**DIRECTIONS**. Taking the entries below, transcribe only the lines starting with the one with "12/03/2019. Sánchez recibe" and going on through the one with "Tn Bleu, Nike", exactly as written, without the pictures.

**PROVIDED ENTRIES**.
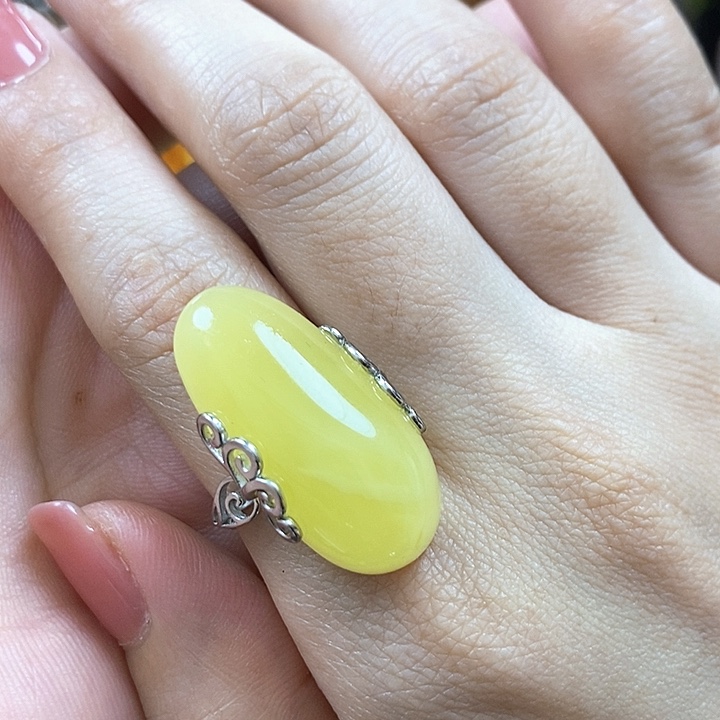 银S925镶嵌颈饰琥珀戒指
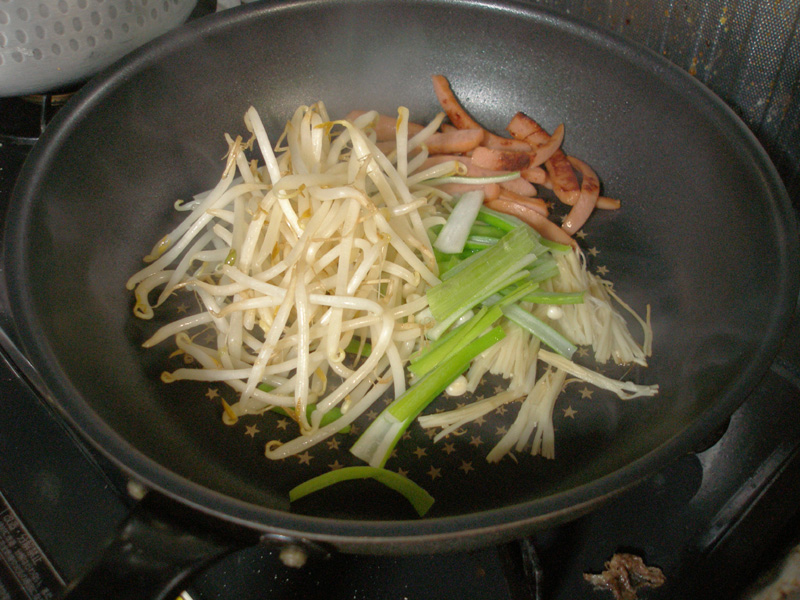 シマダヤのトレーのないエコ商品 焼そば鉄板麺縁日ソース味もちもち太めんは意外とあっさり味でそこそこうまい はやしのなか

* * *

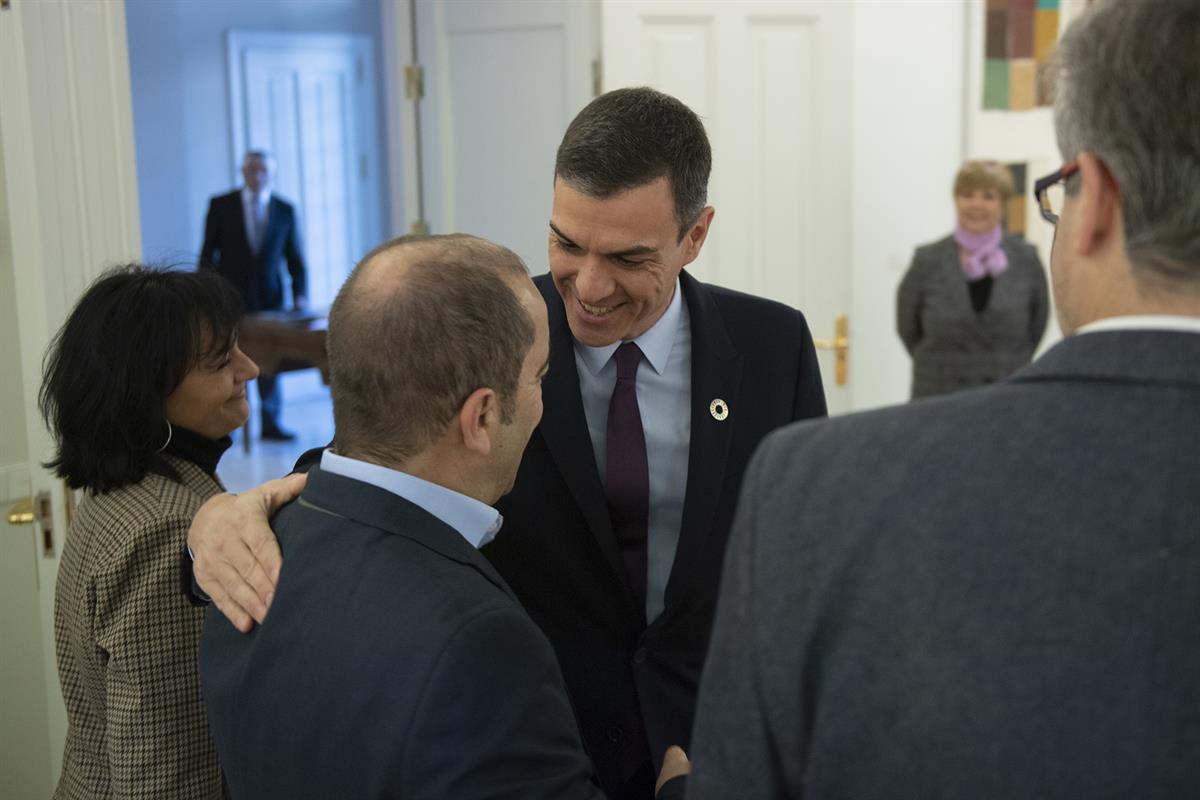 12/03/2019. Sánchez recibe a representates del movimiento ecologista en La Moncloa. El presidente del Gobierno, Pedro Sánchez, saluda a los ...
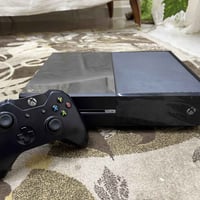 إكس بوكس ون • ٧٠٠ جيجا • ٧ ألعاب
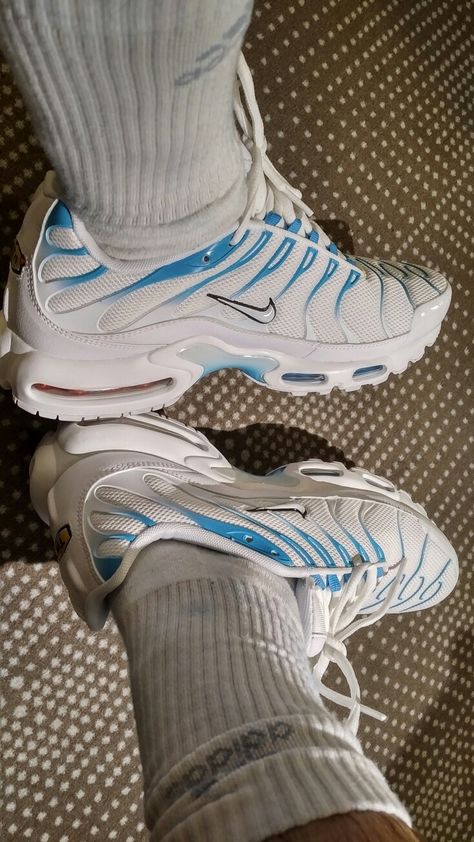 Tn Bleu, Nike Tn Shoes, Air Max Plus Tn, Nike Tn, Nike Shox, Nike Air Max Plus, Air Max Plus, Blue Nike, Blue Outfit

**EXPECTED ANSWER**.
 12/03/2019. Sánchez recibe a representates del movimiento ecologista en La Moncloa. El presidente del Gobierno, Pedro Sánchez, saluda a los ...
 إكس بوكس ون • ٧٠٠ جيجا • ٧ ألعاب
 Tn Bleu, Nike Tn Shoes, Air Max Plus Tn, Nike Tn, Nike Shox, Nike Air Max Plus, Air Max Plus, Blue Nike, Blue Outfit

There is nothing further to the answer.